Committment Issues?

Around this time last year, my friends were still reeling from the news of their acceptances, deciding between their various options or diving head first into any and all Yale first-year information they could find. Anxieties, excitement, and tensions were all skyrocketing as we chose where we’d spend the next four years. I, however, had known I was going to Yale for a few months — I was admitted Early Action and committed on January 1st. I’d only visited Yale once before in September. I accepted my offer of admission before I received my financial aid letter. In hindsight, committing was a bold, risky leap of faith.

This is a portrait of me during my senior year of high school!

As a senior, I was drawn to many of the same Yale features that other admits were — the architecture, the residential colleges, the latent Hogwarts vibe, the allure of the Ivy League, the friendliness and genuineness of the students. I heard and experienced the common but true story of being lost and encountering a Yalie who kindly guided me to my destination. 

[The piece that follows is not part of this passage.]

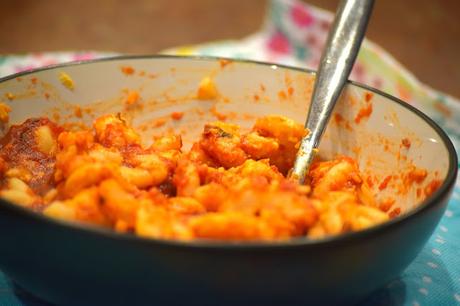 One Pot Chili Mac and Cheese One Pot Chili Mac and Cheese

Being accepted into an Ivy League was also unprecedented in my family, who emphasized the importance of education growing up; the idea of not choosing Yale almost felt like looking a gift horse in the mouth, given the history of sacrifice I’d been made aware of. Still, even beyond Yale’s more conspicuous, popular aspects, and the sense of responsibility to attend a university like it, there was an unspoken quality about it that drove me to commit so early. 

Me hastily committing to Yale, circa January 2018, oil on canvas.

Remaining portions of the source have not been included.